Re: Regex: matching character which happens exactly once
by QM (Parson) on Oct 23, 2017 at 14:08 UTC
    For the sake of completeness, I submit one of the solutions I don't think you want, namely, creating a regex for each character of the possible alphabet.

    This wasn't as easy as I thought it would be, because capturing the actual match requires filtering out all of the unmatch (undef) alternatives. Perhaps someone can improve on this idea?

    #!/usr/bin/env perl # # Match a char only occuring once in a string. # See https://perlmonks.pairsite.com/?node_id=1201795 use strict; use warnings; my @alpha = ('a'..'b'); my $alpha = join(',', @alpha); my @input = glob "{$alpha}" x 12; my @regex; for my $c (@alpha) { my $d = quotemeta($c); push @regex, "(?:[^$d]*)([$d])(?:[^$d]*)"; } my $once = join('|', @regex); my $matches; my $attempts; for my $i (@input) { my(@catch) = $i =~ /^(?:$once)$/; if (@catch) { my $catch = join('', grep {defined($_)} @catch); # printf "(%s) => (%s)\n", $catch, $i; $matches++; } $attempts++; } printf "matches: %s/%s\n", $matches, $attempts; exit; # Output: # > pm1201795.pl # matches: 24/4096

    -QM
    --
    Quantum Mechanics: The dreams stuff is made of

Re: Regex: matching character which happens exactly once
by haukex (Abbot) on Oct 24, 2017 at 10:46 UTC
      Hauke

      I kept your replies on my growing to-do list but I'm realising now that I'm won't be able to "dive" into the matter again.

      Thanks for your help, I'm closing the case now.

      > Rolf, I blame you for the sleep I lost over this!

      And thanks for taking care of my insomnia. ;-p

      Honestly, while the use case is very exotic I learned a lot about the various corners of the regex features. I hope for you too!

      Der Weg war das Ziel! :)

      Cheers Rolf
      (addicted to the Perl Programming Language and ☆☆☆☆ :)
      Je suis Charlie!

Re: Regex: matching character which happens exactly once
by QM (Parson) on Oct 23, 2017 at 14:15 UTC
    Also, it seems you want a forward reference, in the same spirit as a backref -- something the regex engine will go check after "filling" the ref:
    my ($match) = /^(?:[^\1]*)(.)(?:[^\1]*)$/;

    Here rendered as \1, just like the backref.
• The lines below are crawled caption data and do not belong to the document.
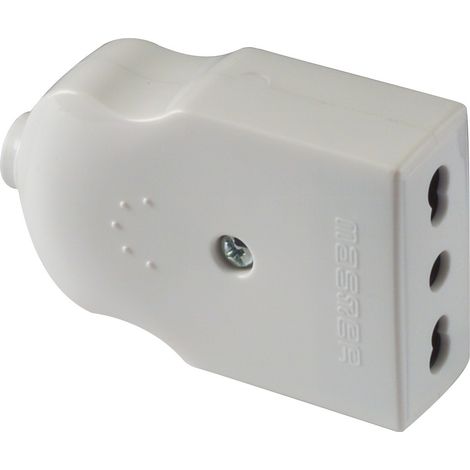 Presa volante compatta Master Living 05231 10/16A Bianco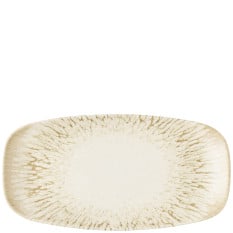 Churchill Inked Lume Natural Oblong Plate 29.8 x 15.3cm (Pack of 12)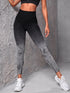 Seamless High Waist Push-Up Leggings in Tie Dye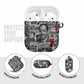 Langston Hughes AirPods Case Urban Brick Wall Design with Protest Art and Poetry Powerful Quotes - African Pride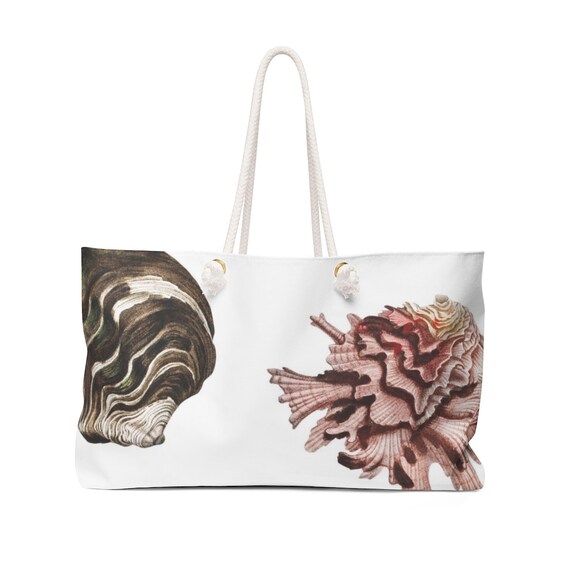 shell beach bag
    As the first capturing paren hasn't been encountered before the backref mention triggers different behavior in the regex path. This will make backtracking more painful, and possibly more likely to be pathological, but one has to assume some risk...

    -QM
    --
    Quantum Mechanics: The dreams stuff is made of

      I understand that the  [^\1] regex expression presented here is intended as pseudocode, but in addition to the radical changes to backrferencing it implies, there's another problem: the syntax of character classes would have to change radically to support it. Something like  \1 in a character class is compiled as an octal character representation:

      c:\@Work\Perl\monks>perl -wMstrict -le "my $rx = qr{ [\1] }xms; print $rx; print 'match' if qq{\cA} =~ $rx; " (?msx-i: [\1] ) match


      Give a man a fish:  <%-{-{-{-<

        Yes. Like LanX, you're getting bogged down in implementation.

        What do you want it to do with that syntax? How would you redefine Perl regexes to do this?

        I think another symbol for backref would help. (I don't know what we'd use, but that's a different problem.) Then use the same thing for forward references. And for fun, we'll call those ferkcabs.

        -QM
        --
        Quantum Mechanics: The dreams stuff is made of

      This can't work, because the first \1 will be always set to the last match ahead (and undef or "" at first encounter)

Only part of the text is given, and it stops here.